Mais de 20 mil vítimas de abusos na Guerra da Bósnia exigem justiça

Nedim Hasic

Sarajevo, 12 set (EFE).- Cerca de 20 mil mulheres, abusadas há mais de 20 anos durante a guerra da Bósnia, ainda exigem hoje uma reparação perante a justiça do país ou pelo menos algum tipo de assistência psicológica e econômica.

"Mais de duas décadas após a guerra, dezenas de milhares de mulheres na Bósnia tratam ainda de recompor suas vidas que foram despedaçadas, com pouco acesso à assistência médica, psicológica e financeira, as quais necessitam desesperadamente", apontou nesta terça-feira a diretora adjunta para a Europa da organização pró direitos humanos Anistia Internacional (AI), Gauri Van Gulik.

"Há inumeras mulheres que nunca admitiram que foram abusadas. Por medo, por vergonha, por temor de que a família não as aceitaria. E ninguém fala das mulheres que foram abusadas e depois assassinadas", disse hoje à Agência Efe a presidente da Associação de Mulheres Vítimas da Guerra, Bakira Hasecic.

Van Gulik advertiu que "segundo os anos vão se passando, vai escapando a perspectiva de poder obter justiça ou de receber a ajuda que lhes corresponde.
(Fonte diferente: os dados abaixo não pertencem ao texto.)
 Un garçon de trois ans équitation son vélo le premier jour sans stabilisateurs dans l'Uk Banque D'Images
Estas mulheres não podem esquecer o que aconteceu e tampouco nós devemos esquecer".

Milhares de mulheres e meninas foram abusadas e submetidas a todos tipos de formas de abuso sexual durante a guerra bósnia (1992-1995).

A organização pró direitos humanos lembra que muitas delas foram inclusive sistematicamente agredidas nos chamados "campos de violação".
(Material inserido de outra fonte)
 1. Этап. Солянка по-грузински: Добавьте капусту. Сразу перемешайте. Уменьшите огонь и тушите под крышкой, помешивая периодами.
A AI publicou hoje um relatório intitulado "Necessitamos apoio, não lástima: A última oportunidade para as sobreviventes dos abusos de guerra na Bósnia", que foi elaborado com base em investigações que duraram dois anos.

O relatório revela que muitas vítimas ainda sofrem as consequências físicas e psíquicas devastadoras destes crimes de guerra e que enfrentam barreiras para conseguir ajudas.
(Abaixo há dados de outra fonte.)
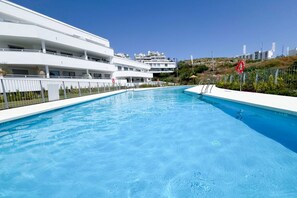 A swimming pool with a white building in the background. - Family penthouse with sea views in Cancelada (Cancelada)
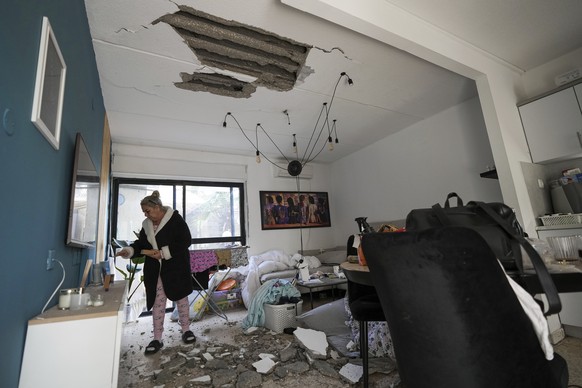 An Israeli woman inspects damage to her house hit by a rocket fired from the Gaza Strip, in Sderot, southern Israel, Friday, April 7, 2023. Israel conducted rare airstrikes in Lebanon on Friday, a sha ...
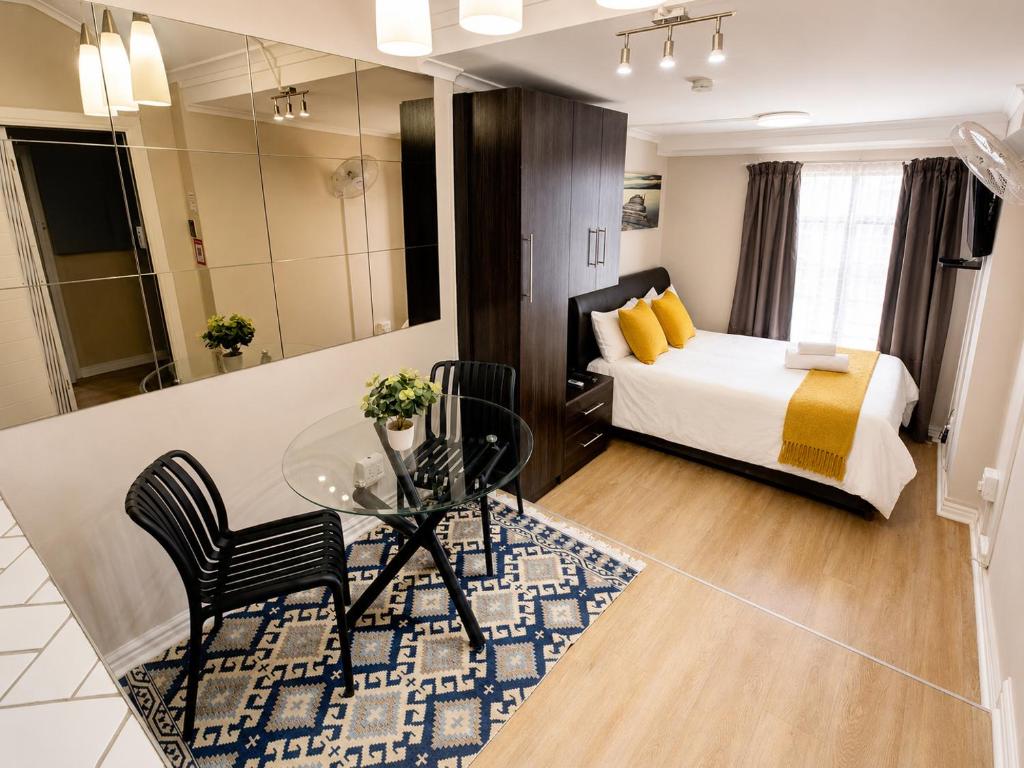 a bedroom with a bed and a glass table and chairs at Faith, Hope & Love Self Catering in Port Elizabeth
Um dos casos é o de quem se identifica como "Elma", uma mulher que relatou que há quase 25 anos, quando estava grávida de quatro meses, foi capturada e levada a um "campo de abuso", onde foi estuprada diariamente por grupos de militares.

Em consequência dos graves abusos, a mulher perdeu a criança e sofreu danos pela vida na coluna vertebral.

Quase 25 anos depois, não têm emprego e nem assistência médica, psicológica ou financeira que necessita, aponta a AI em seu relatório.

A AI estima que cerca de 20 mil mulheres foram vítimas de diversas formas de abuso sexual durante a guerra, mas a presidente da Associação de Mulheres Vítimas da Guerra assegura que o número é até maior.

Desde que em 2004 começaram os juízos por crimes de guerra em Bósnia, menos de 1% destas agressões sexuais chegaram aos tribunais bósnios e apenas em 123 casos os culpados foram processados, aponta o documento.

"Além disso, as sanções foram muito leves, de três a cinco anos e quando o juiz dita uma indenização à vítima, esta nunca recebe", explicou à Efe Jelena Sesar, investigadora de AI.

A lentidão e as deficiências da justiça desencorajaram às sobreviventes de denunciar, debilitaram a confiança no sistema de justiça penal e criaram uma sensação de impunidade, aponta o documento.

Sanja, capturada e repetidamente estuprado por um soldado e os seus companheiros, denunciou após a guerra perante as autoridades, mas estas não reagiram. Por isso, nunca pôde receber alguma assistência social pelos danos sofridos.

"Já não acredito em ninguém, especialmente não no estado. Todos falharam comigo", apontou Sanja, citada no relatório da Anistia.

Muitas mulheres ficaram grávidas após serem estupradas, mas ninguém conhece o número de crianças concebidas assim.

Muitos dessas crianças terminaram em lares para órfãos, enquanto a maioria das mulheres que encontrou com estes filhos nunca disse a verdade.

Apenas cerca de 800 mulheres bósnias obtiveram alguma renda mensal ou outros benefícios pelos danos sofridos, ainda que só no ente compartilhado por croatas e muçulmanos.

A outra entidade bósnia, a chamada "República Sérvia", nem sequer reconhece este tipo de vítimas da guerra e nem a possibilidade de alguma recompensa.

"Estamos consternados por que não houve progresso para adotar leis a nível de todo o estado bósnio que garantam os direitos a estas vítimas", disse van Gulik.